▶ **Your assignment**:
Output each line of the listing exactly, though pictures are not to appear.

▶ **Data**:
====
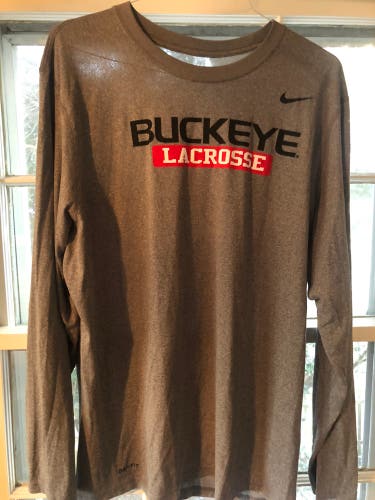 Gray New XL Nike Shirt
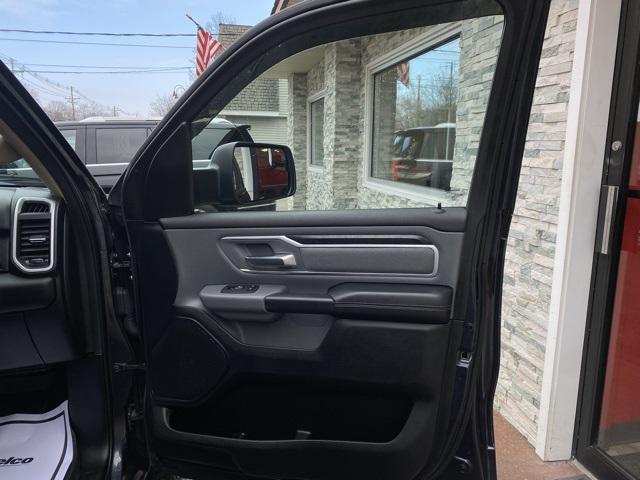 used 2020 Ram 1500 car, priced at $29,856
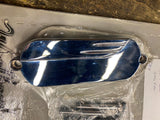 Westbrook Custom Transmission Cover Trim Harley Touring softail Evo Twin Cam 87^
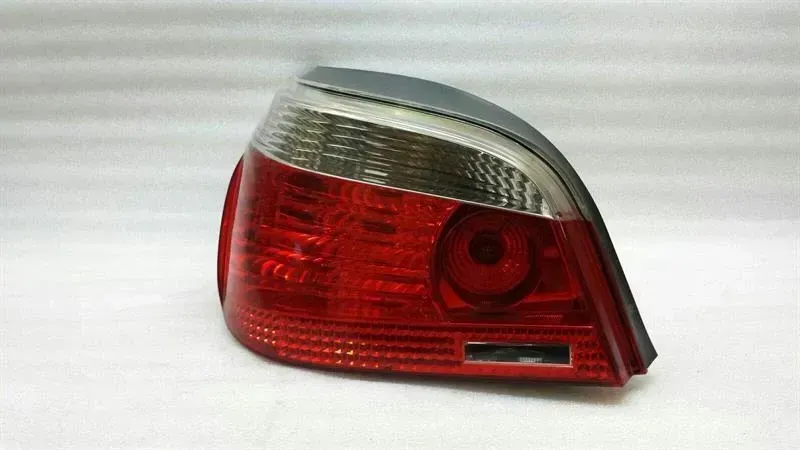 BMW 5 Series E60 Left Rear Light 7165737 Rear Left Tail Light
====
▶ **Response for this exercise**:
 Gray New XL Nike Shirt
 used 2020 Ram 1500 car, priced at $29,856
 Westbrook Custom Transmission Cover Trim Harley Touring softail Evo Twin Cam 87^
 BMW 5 Series E60 Left Rear Light 7165737 Rear Left Tail Light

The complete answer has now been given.